The full listing, word for word and free of images, is the expected result.

***** Given data *****

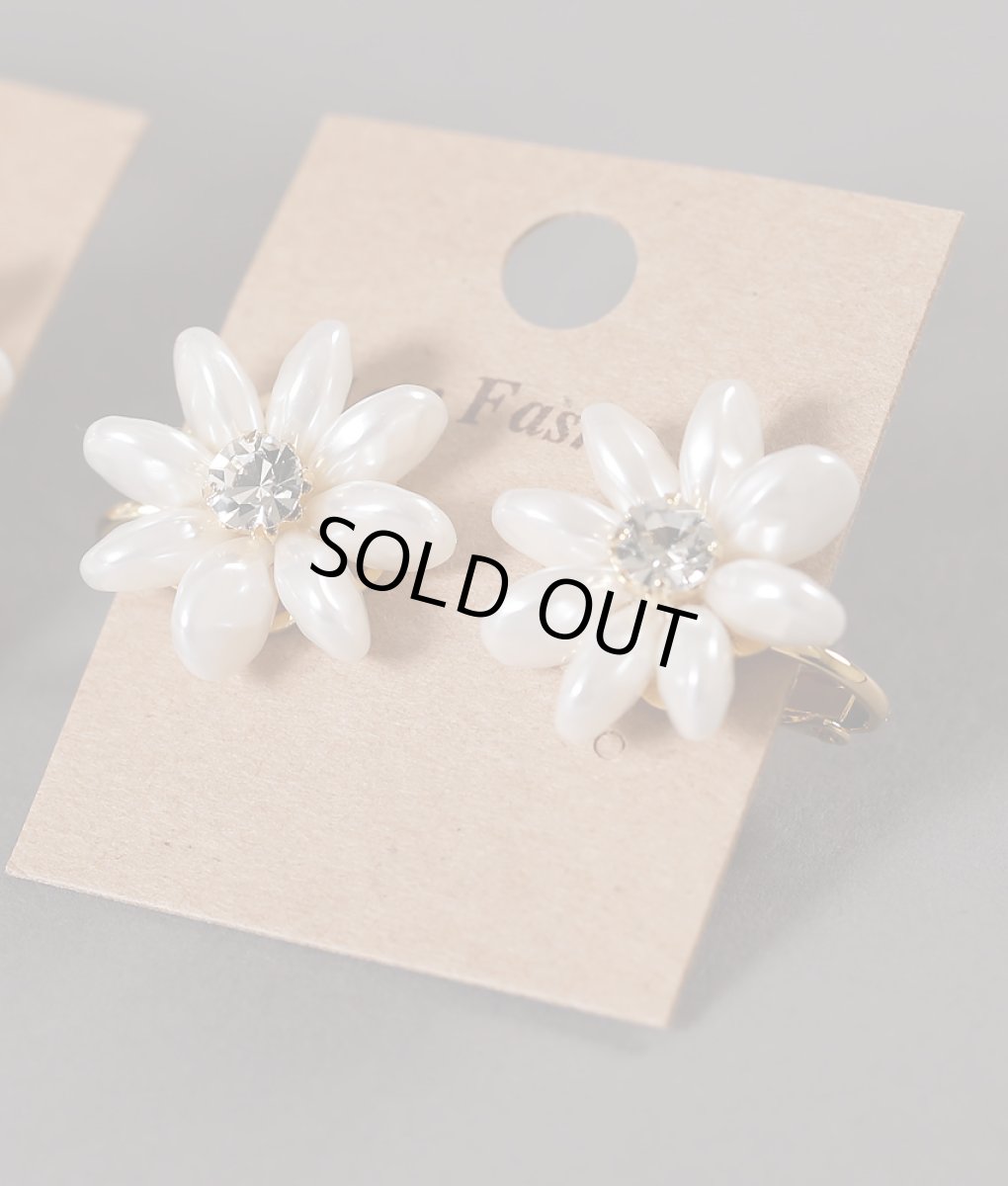 画像3: [ジュエリー][ピアス][イヤリング]パール・お花型・センタークリアストーン・イヤリング・ピアス (3)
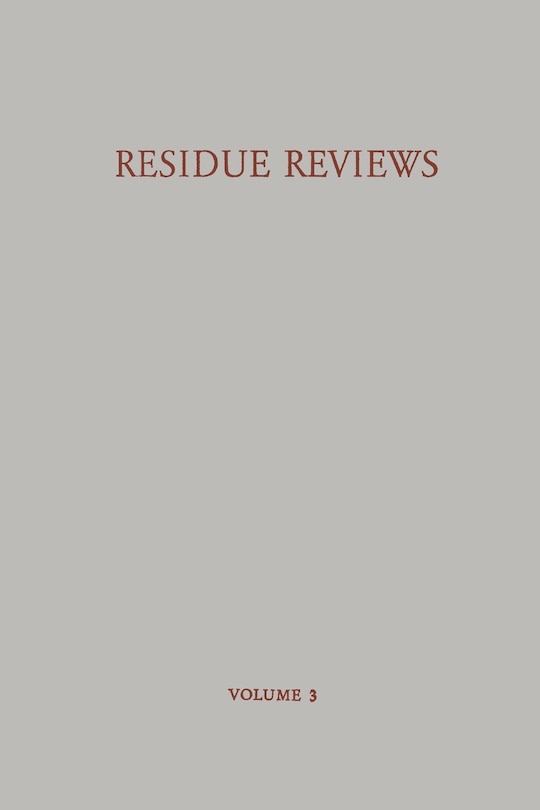Front cover_Residue Reviews / Ruckstands-Berichte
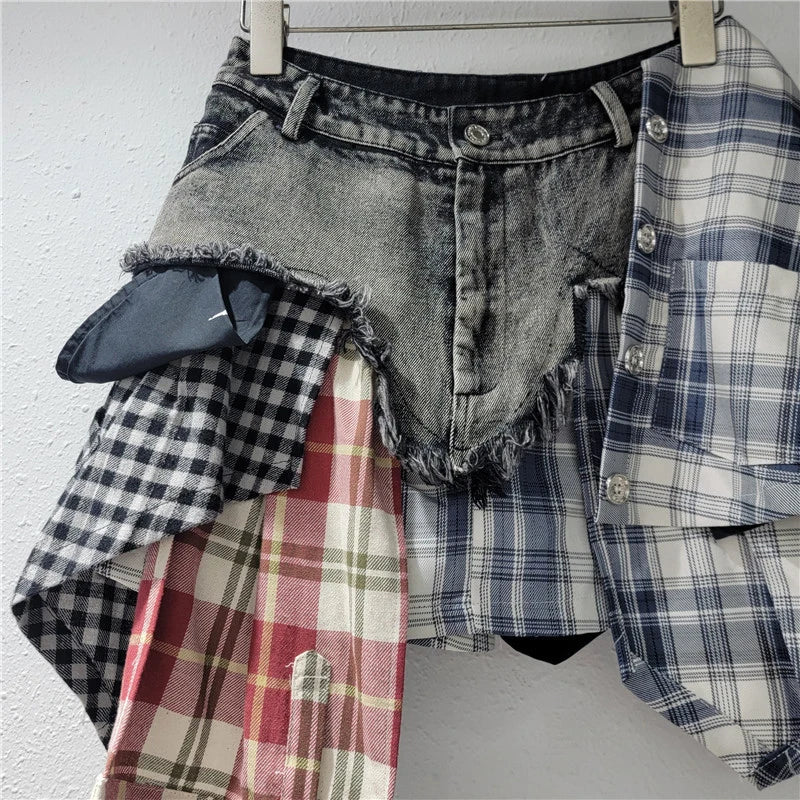 Blue Moon Fashion Patchwork Plaid Button Design Denim Skirts
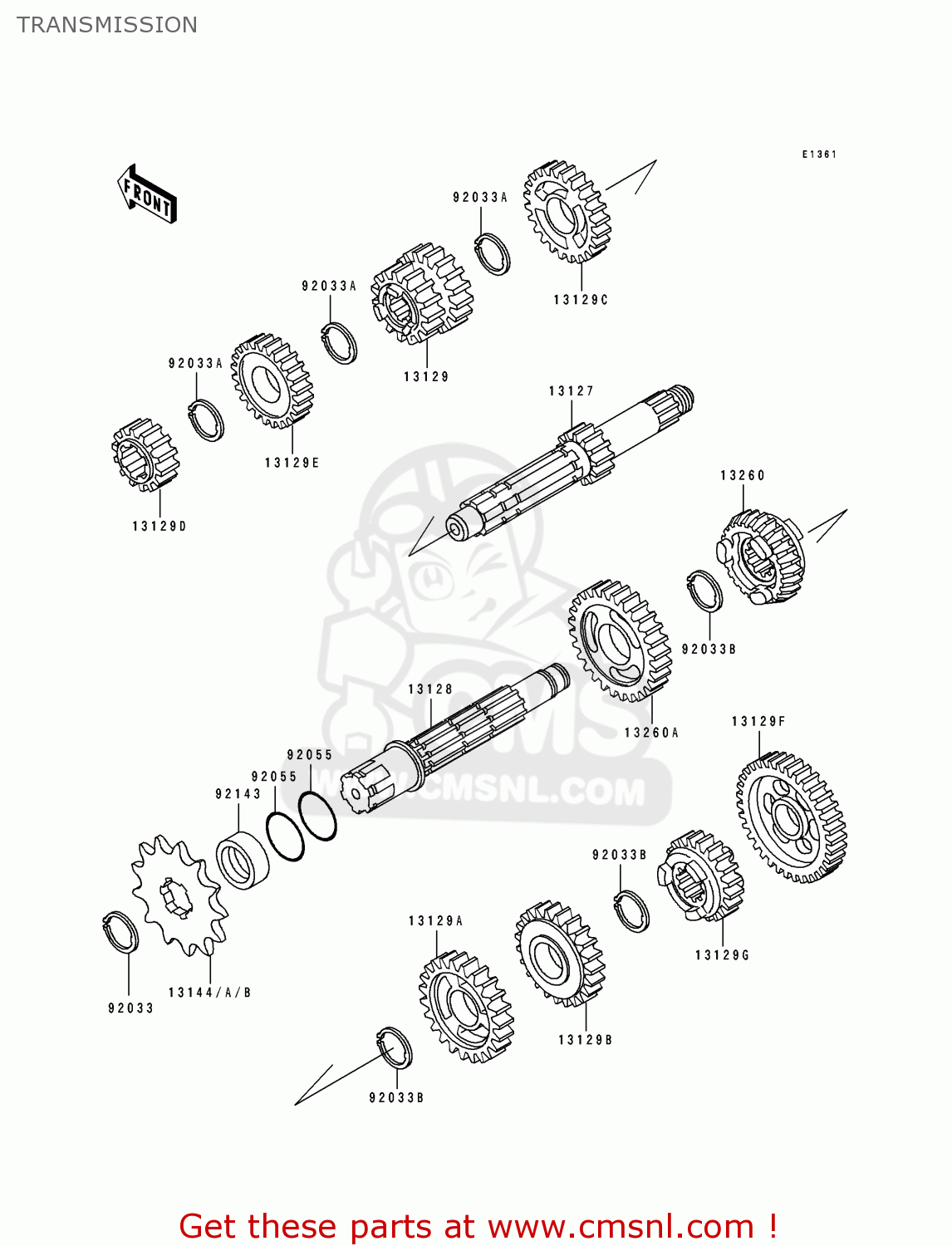 TRANSMISSION KX125-J2 1993 USA CANADA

*****

**Finished exercise**
 画像3: [ジュエリー][ピアス][イヤリング]パール・お花型・センタークリアストーン・イヤリング・ピアス (3)
Front cover_Residue Reviews / Ruckstands-Berichte
 Blue Moon Fashion Patchwork Plaid Button Design Denim Skirts
 TRANSMISSION KX125-J2 1993 USA CANADA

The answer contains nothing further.